DATA EXTRACT:
┏━━
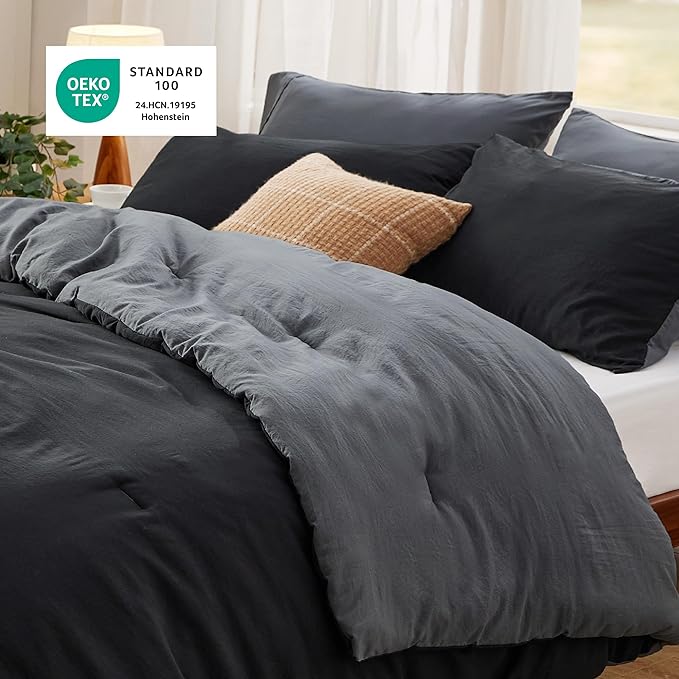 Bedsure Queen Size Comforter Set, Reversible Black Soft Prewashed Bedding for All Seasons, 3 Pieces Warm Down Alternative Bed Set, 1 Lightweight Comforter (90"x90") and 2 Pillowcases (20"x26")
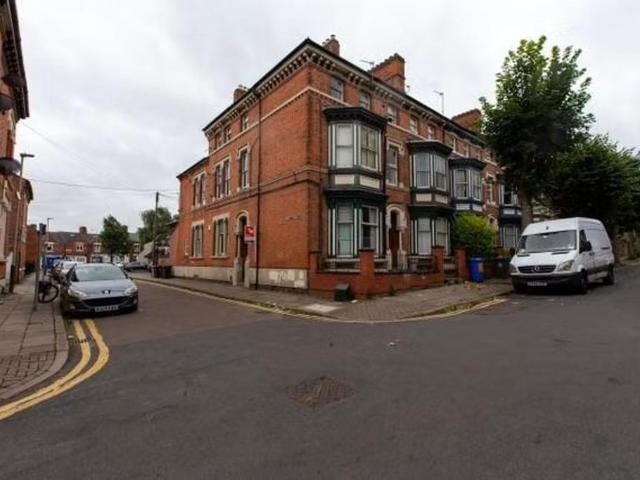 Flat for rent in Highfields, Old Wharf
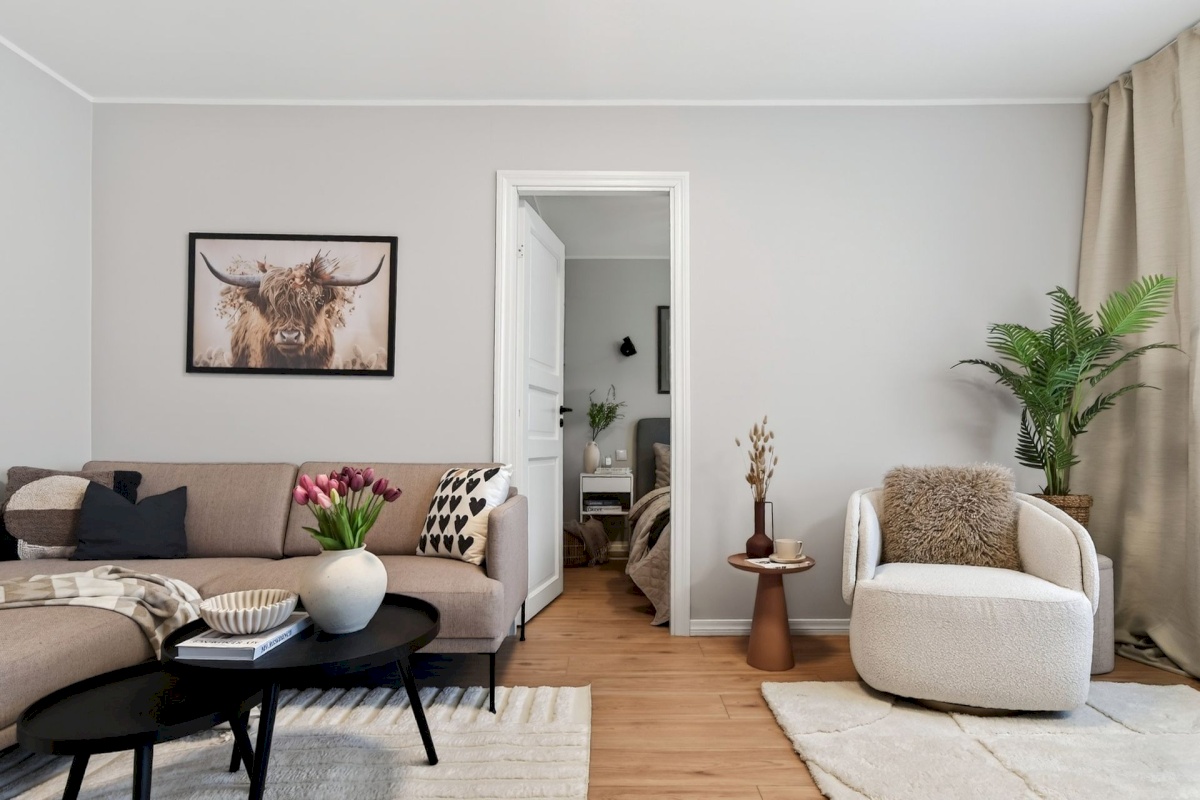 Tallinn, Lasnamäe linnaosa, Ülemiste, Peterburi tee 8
┗━━
WHAT THE TASK REQUIRES: The entire listing above is to be copied exactly, with all pictures omitted.

FINAL ANSWER:
 Bedsure Queen Size Comforter Set, Reversible Black Soft Prewashed Bedding for All Seasons, 3 Pieces Warm Down Alternative Bed Set, 1 Lightweight Comforter (90"x90") and 2 Pillowcases (20"x26")
 Flat for rent in Highfields, Old Wharf
 Tallinn, Lasnamäe linnaosa, Ülemiste, Peterburi tee 8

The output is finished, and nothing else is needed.